There are two main types of jenever: oude (old) and jonge (young). This is not a matter of ageing, but of distilling techniques.

Jonge (Young)

A new style that emerged in the last century, it has a very high proportion of neutral spirits, which can be from any source (grain, malt, beet, sugar, etc.) and contains more grain spirit as opposed to malt spirit. The style came about partly due to a shortage of grain in the war years and partly due to the prevailing taste moving away from coarse, characterful spirits and towards a more neutral palate.

It is the most similar to a modern gin in style, has a neutral taste, like vodka, with a slight aroma of juniper and malt wine and is the most suitable for mixing in cocktails.

Jonge Jenever distilled from grain and malt only is labelled Graanjenever (Grain Jenever).

Oude jenever (Old)

So-named not because of its age but because it represents an older styler of jenever, more akin to the original jenevers than the modern jonge style. Oude jenevers tend to contain more botanicals and must contain at least 15% malt-wine.

It has a smoother, very aromatic taste with malty flavours; sometimes aged in wood, its malty, woody and smoky flavours resemble whisky.

Korenwijn (Grain Wine)

Lastly, not officially considered a jenever, but similar to oude jenever, there is korenwijn (grain wine) which must contain more than 51% malt-wine.

Korenwijn does not have to included juniper or any other botanicals but often does.

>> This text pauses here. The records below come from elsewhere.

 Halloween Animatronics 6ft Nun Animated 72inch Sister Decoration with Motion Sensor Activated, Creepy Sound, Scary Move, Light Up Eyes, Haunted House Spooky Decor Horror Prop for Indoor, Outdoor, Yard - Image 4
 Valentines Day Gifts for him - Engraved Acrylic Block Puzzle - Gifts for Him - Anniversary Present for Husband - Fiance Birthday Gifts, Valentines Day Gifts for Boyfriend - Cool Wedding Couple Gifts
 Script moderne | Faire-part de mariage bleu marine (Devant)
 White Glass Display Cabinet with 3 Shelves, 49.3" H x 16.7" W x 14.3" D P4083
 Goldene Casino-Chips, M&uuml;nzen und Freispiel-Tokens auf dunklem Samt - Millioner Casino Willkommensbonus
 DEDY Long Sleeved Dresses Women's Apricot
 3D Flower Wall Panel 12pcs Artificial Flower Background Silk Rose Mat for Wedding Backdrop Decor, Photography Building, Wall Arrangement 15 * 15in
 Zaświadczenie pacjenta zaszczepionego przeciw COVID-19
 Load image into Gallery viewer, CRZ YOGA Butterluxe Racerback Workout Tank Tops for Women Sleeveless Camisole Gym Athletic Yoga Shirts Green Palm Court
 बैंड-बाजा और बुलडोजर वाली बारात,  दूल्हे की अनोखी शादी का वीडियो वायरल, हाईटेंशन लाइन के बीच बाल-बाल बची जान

It is characterful and flavoursome in style, and is usually cask-aged before bottling.

Traditionally Jenever is drunk neat either at room temperature (especially Oude Jenever) and sipped similarly to whisky, or ice cold, usually with beer as a ‘chaser’.

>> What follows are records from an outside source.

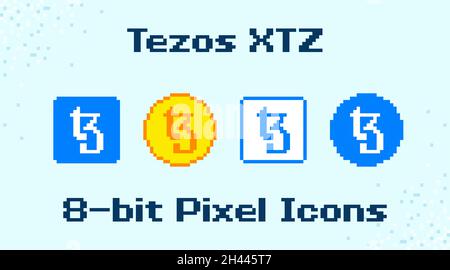 Risorse crittografiche XTZ a 8 bit in formato vettoriale. Set di icone per immagini pixel di Tezos. Illustrazione Vettoriale
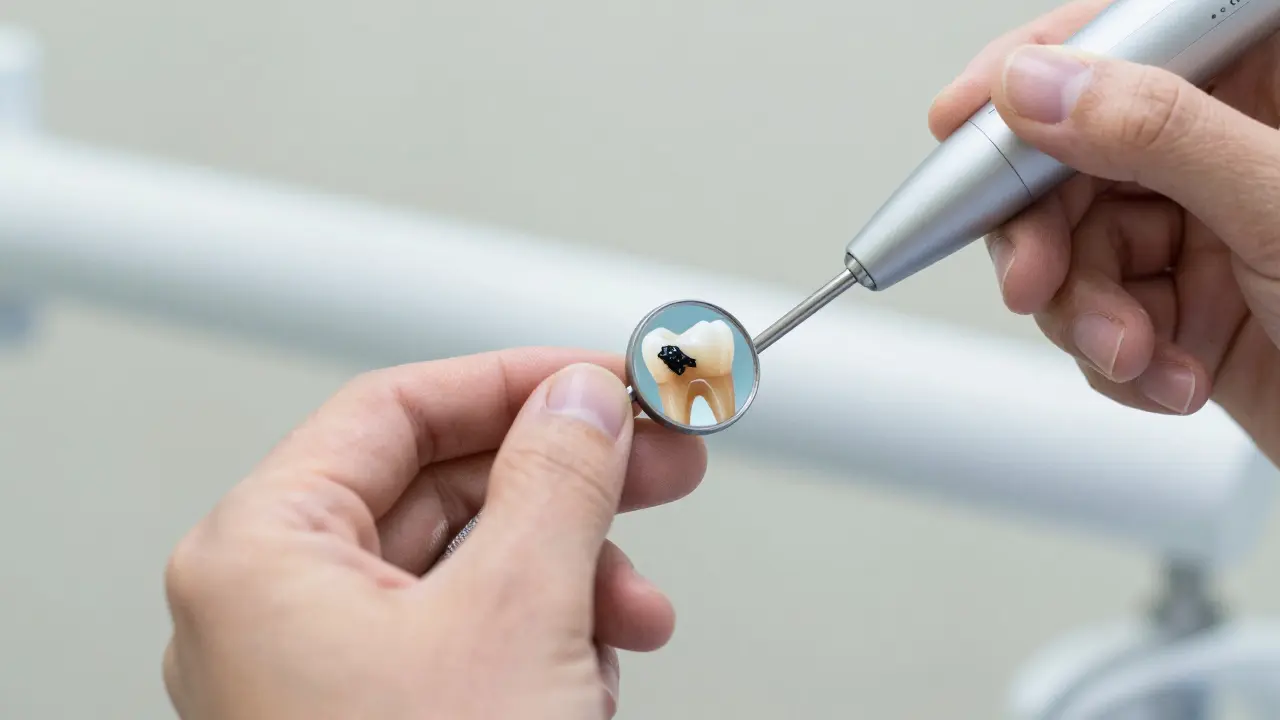 Zubní lékař odstraňuje černý kámen ultrazvukovým nástrojem v ordinaci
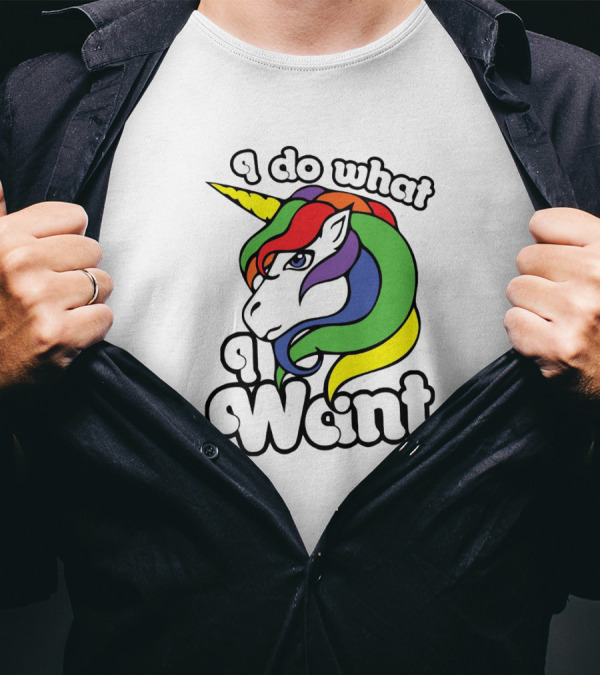 I Do What I Want Rainbow Unicorn Face With Colorful Mane T-Shirt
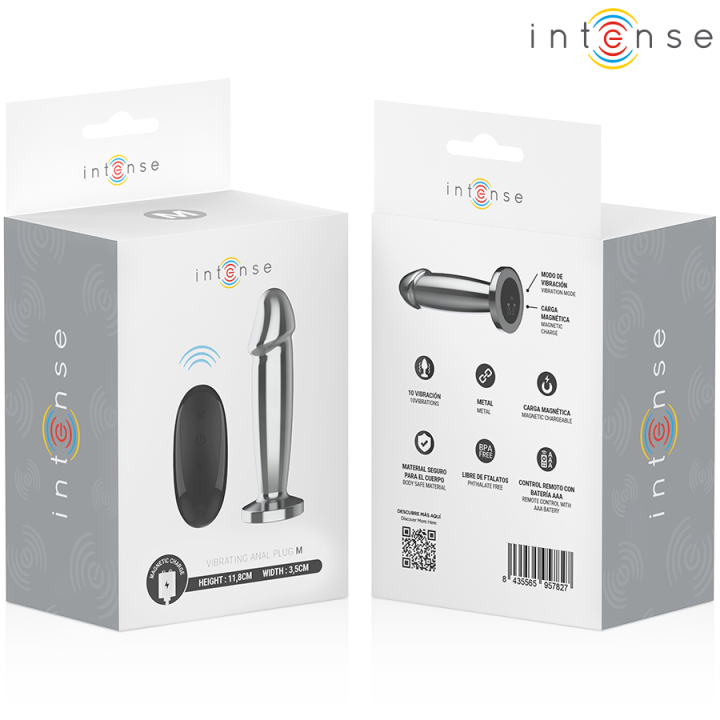 Plug Anal en Métal Gode Taille M avec Télécommande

Jonge Jenever can work well as a replacement for gin in some cocktails, such as the Tom Collins, but beware as the maltier flavour does not work well in many lighter cocktails, such as the G&T.

Oude Jenever works well in many whisky \ bourbon cocktails.

Serving Suggestions

Original Collins

4 parts Jonge Jenever, 2 Parts Lemon Juice, 1 part Sugar Syrup, top with Soda Water over ice.

Old Fashioned

1 part Sugar Syrup, 2 parts Oude Jenever, generous dash Angostura Bitters over ice.

Pink Jenever

Jonge Jenever with Angostura Bitters over ice.

Dutch Apple

In a small pot, combine: 2 parts Jenever, 2 parts Cider (still), ½ part Honey Syrup (equal parts Honey and Water, or substitute Sugar Syrup), a dash of Angostura bitters.

Heat gently until it just simmers, Don’t Cook!

Serve and garnish with a Cinnamon Stick.